5B.5 Neighborhood Verification of 1-h Probabilistic Low-Level Rotation Forecasts from the NSSL Experimental Warn-on-Forecast System.

Tuesday, 8 January 2019: 11:30 AM
North 232C (Phoenix Convention Center - West and North Buildings)
Montgomery L. Flora, University of Oklahoma, CIMMS, NSSL/NOAA, Norman, OK; and P. S. Skinner and C. K. Potvin

Although the skill of the NSSL Experimental Warn-on-Forecast System for ensembles (NEWS-e) mesocyclone guidance has been demonstrated in a deterministic framework, extension to probabilistic framework is warranted. Since tornadoes are unresolvable in current operational models, three model surrogates for mesocyclones are used. These include low-level (0-2 km Above Ground Level [AGL]) updraft helicity, midlevel (2-5 km AGL) updraft helicity, and low-level vertical vorticity. Given that traditional forecast performance metrics often score poorly due to the difficultly of exactly matching forecasts and observations on convections-permitting grids, a double-neighborhood verification approach is used. First, forecast probabilities are upscaled using the neighborhood maximum ensemble probability (NMEP; Schwartz and Sobash 2017 ) method. Second, a forecast verification neighborhood (FVN) is used to score the NMEPs. The combination of the two neighborhoods helps prevent operationally tolerable forecast location errors from unduly decreasing forecast probabilities and skill/reliability.

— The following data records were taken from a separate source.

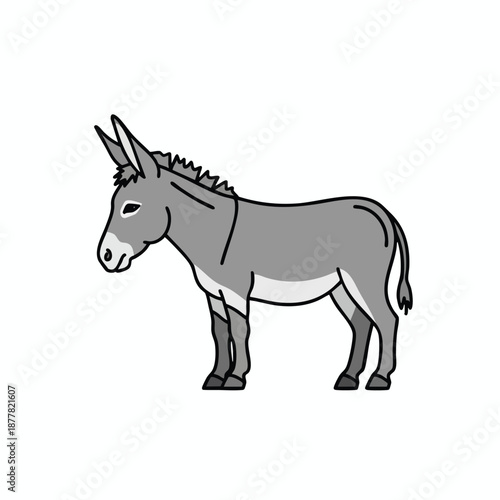 Gray Donkey Cartoon Illustration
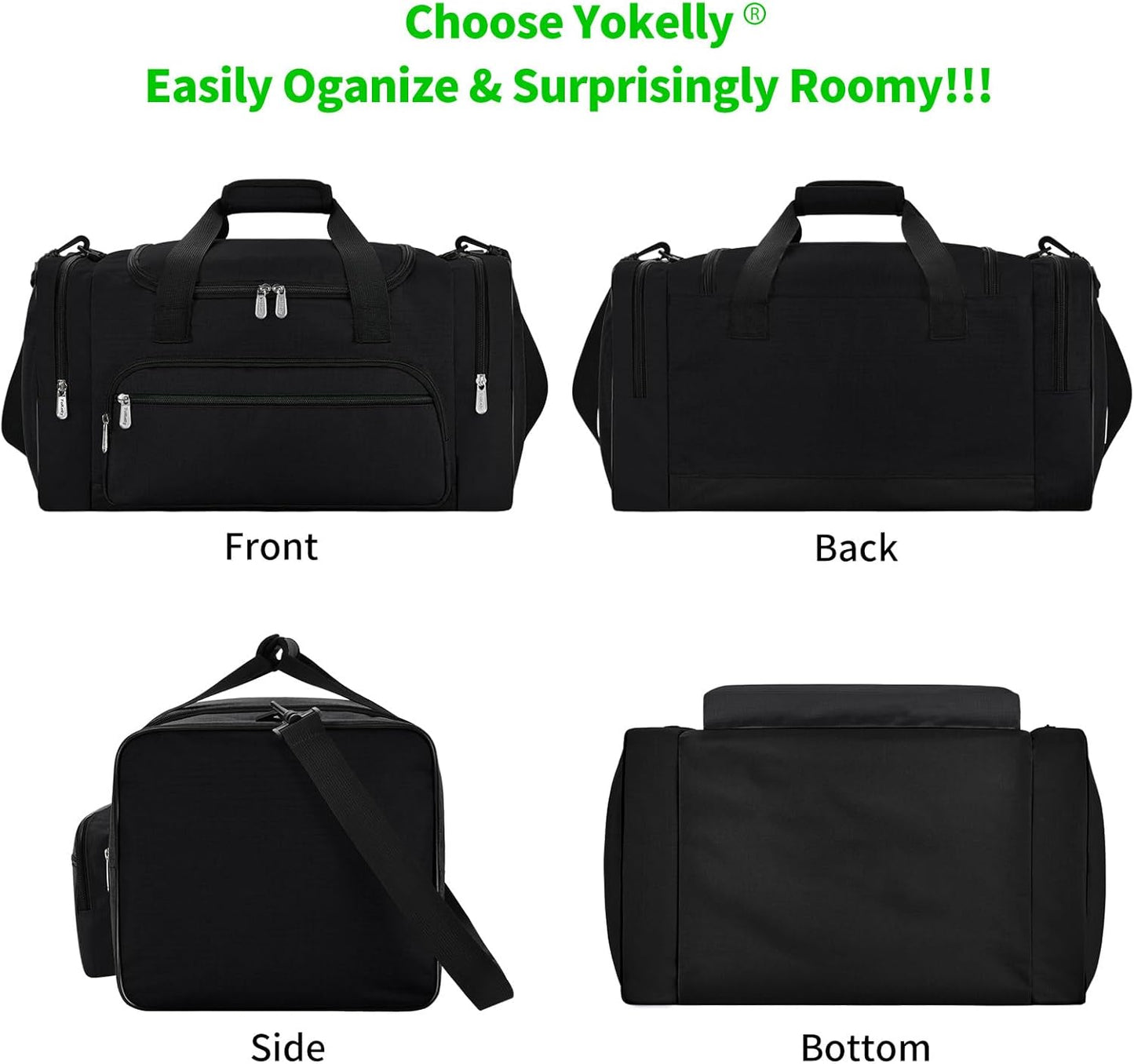 Gym Bag 22 inch Sport Duffle Bag for Men - 55L Weekender Duffel Bag for Travel - Black
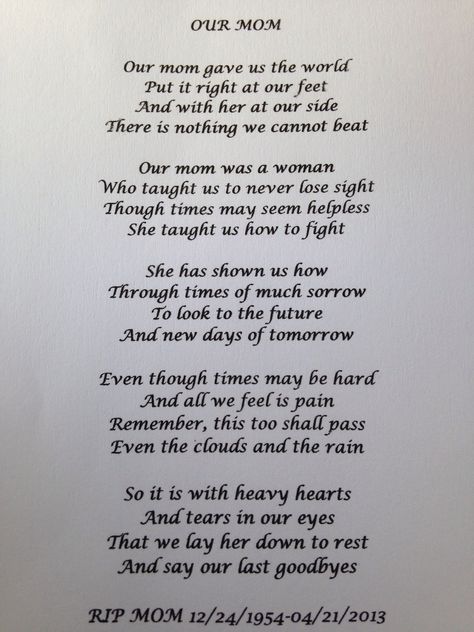 A poem I wrote for my mom and read at her funeral...I miss you. Eulogy For Mom, Mum Poems, Writing A Eulogy, Tribute To Mom, Remembering Dad, I Miss My Mom, Miss Mom, Mom Poems, Mom In Heaven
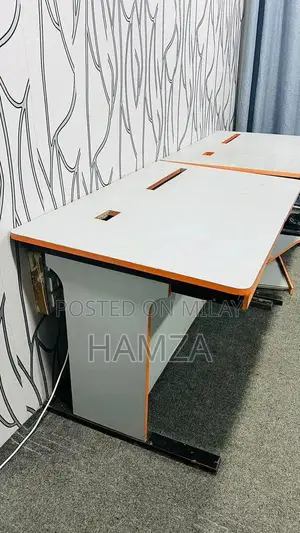 Modern Wood and Steel Monitor Counter Table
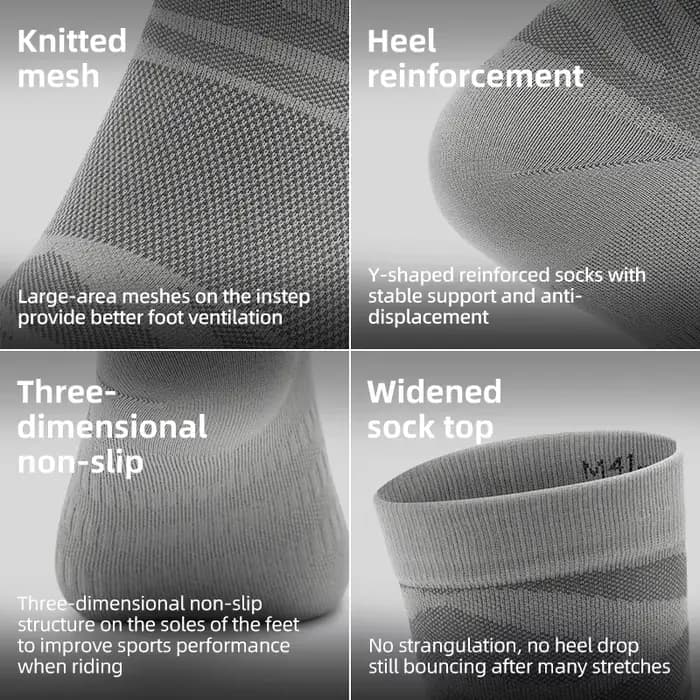 VELONUTS Chaussettes de cyclisme respirantes antibactériennes élastiques montantes au-dessus du genou avec semelle épaissie pour homme et femme fitness sports de plein air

The NEWS-e forecasts were generated during the 2017-2018 NOAA Hazardous Weather Testbed Spring Forecasting Experiments and are verified against low-level azimuthal shear rotation tracks from the NSSL Multi-Radar/Multi-Sensor (MRMS) product suite. Given the rarity of observed rotation tracks, forecast NMEPs are evaluated using the performance diagram, which summarizes many traditional forecast metrics while neglecting “correct negatives” (i.e., correct forecasts of non-events). Reliability of the NMEPs within a neighborhood is also calculated. Forecast probabilities valid over lead times of 0-60 min are generated using NMEP neighborhoods of 9, 15, and 30 km and verified using FVN of 9, 15, 30 km. The best results are obtained using a 30-km NMEP neighborhood and 15-km FVN, for which the maximum CSI is 0.35 with corresponding POD and Success Ratio of 0.8 and 0.45, respectively. For the same NMEP neighborhood and FVN, forecast probabilities of 0 – 50% are fairly reliable while higher probabilities are slightly over-forecasted, but still skillful.